Test Whether Clàrsach Works With Athena X-IFU Simulations

Let's test whether I can make it work on Athena X-IFU simulations. This will be complicated by the fact that sherpa doesn't seem to read the RMF file:


In [1]:
%matplotlib notebook
import matplotlib.pyplot as plt

try:
    import seaborn as sns
except ImportError:
    print("Seaborn not installed. Oh well.")
    
import numpy as np

import astropy.io.fits as fits
import sherpa.astro.ui as ui

from clarsach.respond import RMF, ARF


WARNING: imaging routines will not be available, 
failed to import sherpa.image.ds9_backend due to 
'RuntimeErr: DS9Win unusable: Could not find ds9 on your PATH'
WARNING: failed to import WCS module; WCS routines will not be available
WARNING: failed to import sherpa.astro.xspec; XSPEC models will not be available

Let's load some data:


In [2]:
datadir = "../data/athena/"
data_file = "26.pha"
rmf_file = "athena_xifu_rmf_highres_v20150609.rmf"
arf_file = "athena_xifu_sixte_1469_onaxis_v20150402.arf"

Let's load the data using Clàrsach:


In [3]:
hdulist = fits.open(datadir+data_file)

In [4]:
hdulist.info()


Filename: ../data/athena/26.pha
No.    Name         Type      Cards   Dimensions   Format
  0  PRIMARY     PrimaryHDU       6   ()      
  1  SPECTRUM    BinTableHDU     37   29874R x 2C   [J, J]   

In [5]:
s = hdulist["SPECTRUM"]

In [6]:
s.columns


Out[6]:
ColDefs(
    name = 'CHANNEL'; format = 'J'
    name = 'COUNTS'; format = 'J'
)

In [7]:
channel = s.data.field("CHANNEL")
counts = s.data.field("COUNTS")

In [8]:
plt.figure(figsize=(10,5))
plt.plot(channel, counts)


Out[8]:
[<matplotlib.lines.Line2D at 0x108fdb320>]

Let's also load the ARF and RMF:


In [9]:
arf = ARF(datadir+arf_file)
rmf = RMF(datadir+rmf_file)

Let's make an empty model to divide out the responses:


In [10]:
resp_model = np.ones_like(counts)
m_arf = arf.apply_arf(resp_model)
m_rmf = rmf.apply_rmf(m_arf)

In [11]:
c_deconv = counts/m_rmf

In [12]:
plt.figure(figsize=(10, 5))
plt.plot(channel, c_deconv)
plt.xscale("log")


This seems to be working not badly.

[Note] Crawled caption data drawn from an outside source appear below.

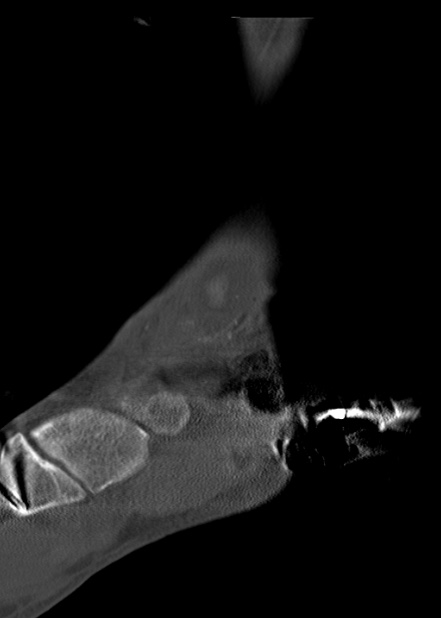 Chopart fracture (Radiopaedia 35347-36861 Sagittal bone window 27).jpg
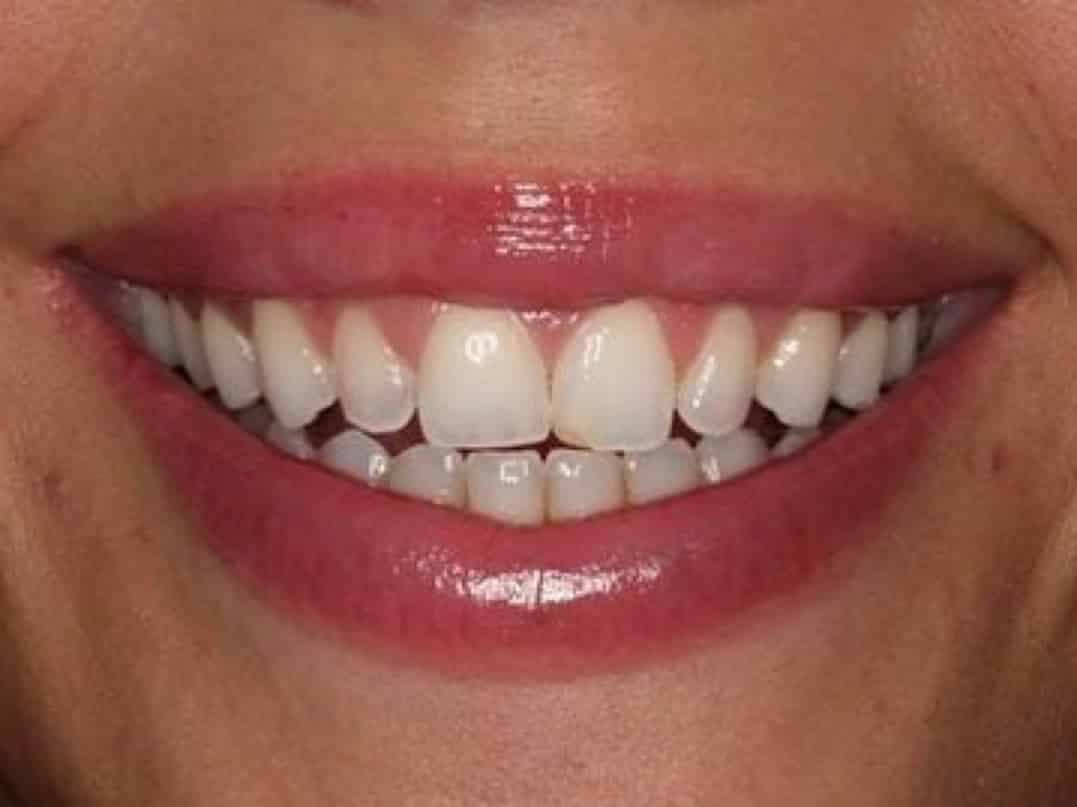 Beverly Hills Veneers LA Beauty Guide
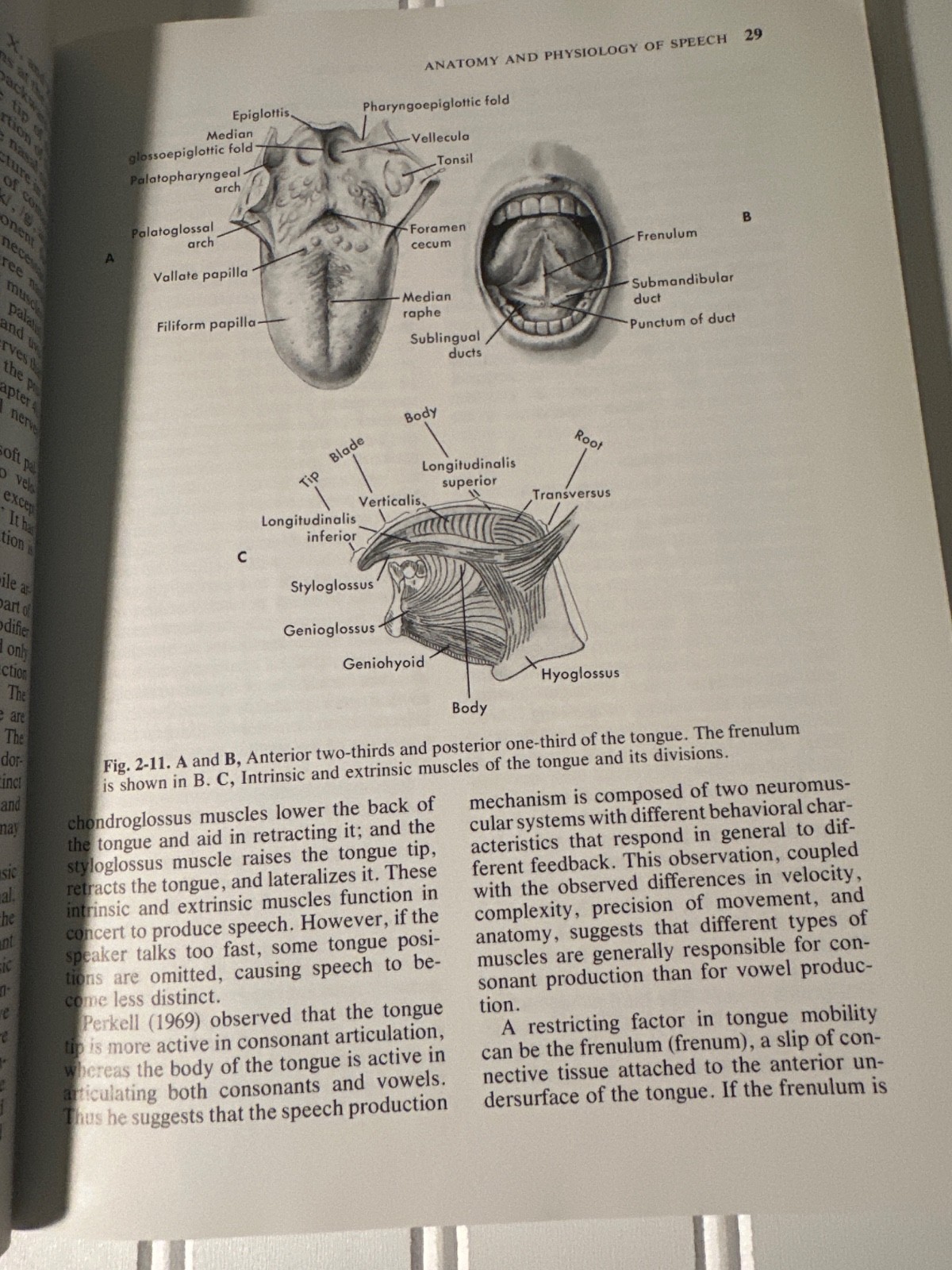 Clinical Management of Articulation Disorders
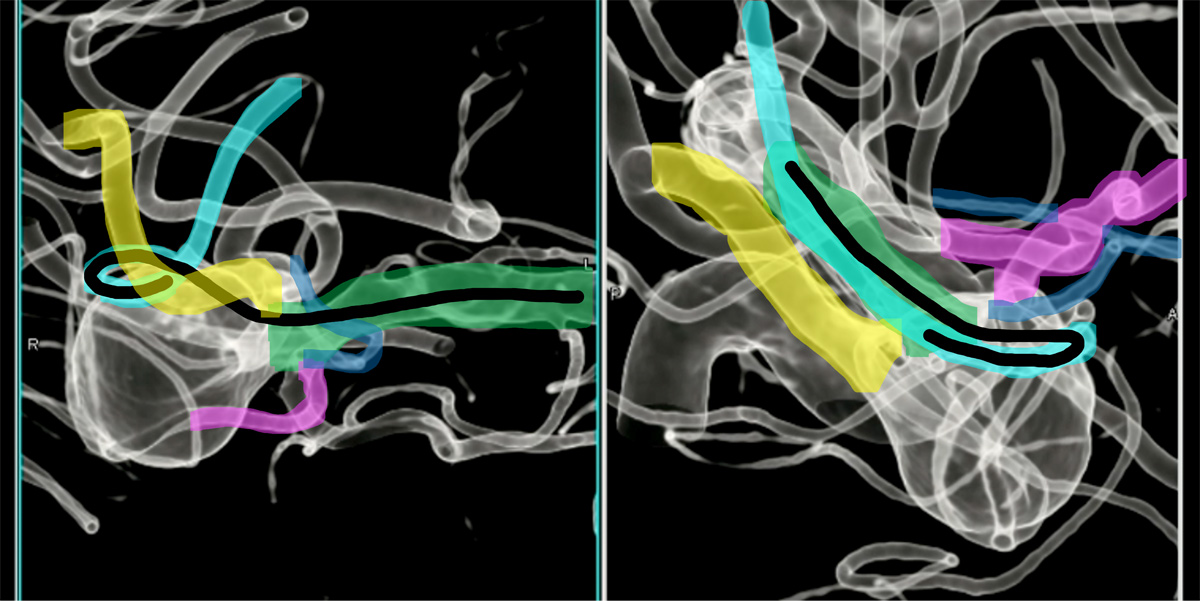 double-y-stenting-for-stent-assisted-coil-embolisation-using-3-pegasus-hpc-figure17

Let's try the same with sherpa:


In [13]:
ui.load_data("26", datadir+data_file)
d = ui.get_data("26")
arf_s = d.get_arf()
rmf_s = d.get_rmf()


read ARF file ../data/athena/athena_xifu_sixte_1469_onaxis_v20150402.arf
WARNING: '../data/athena/athena_xifu_rmf_highres_v20150609.rmf' is not a filename or  MATRIX column not a variable length field

Do the ARF and RMF exist?


In [14]:
print("ARF: " + str(arf_s))
print("RMF: " + str(rmf_s))


ARF: name     = ../data/athena/athena_xifu_sixte_1469_onaxis_v20150402.arf
energ_lo = Float64[29874]
energ_hi = Float64[29874]
specresp = Float64[29874]
bin_lo   = None
bin_hi   = None
exposure = None
RMF: None

There's no RMF, because the RMF for Athena does not seem to be a variable length field and is thus not read in. Oh well.

Let's check whether at least the ARF is the same:


In [15]:
assert np.all(arf_s.specresp == arf.specresp), "Clarsach ARF is different from Sherpa ARF"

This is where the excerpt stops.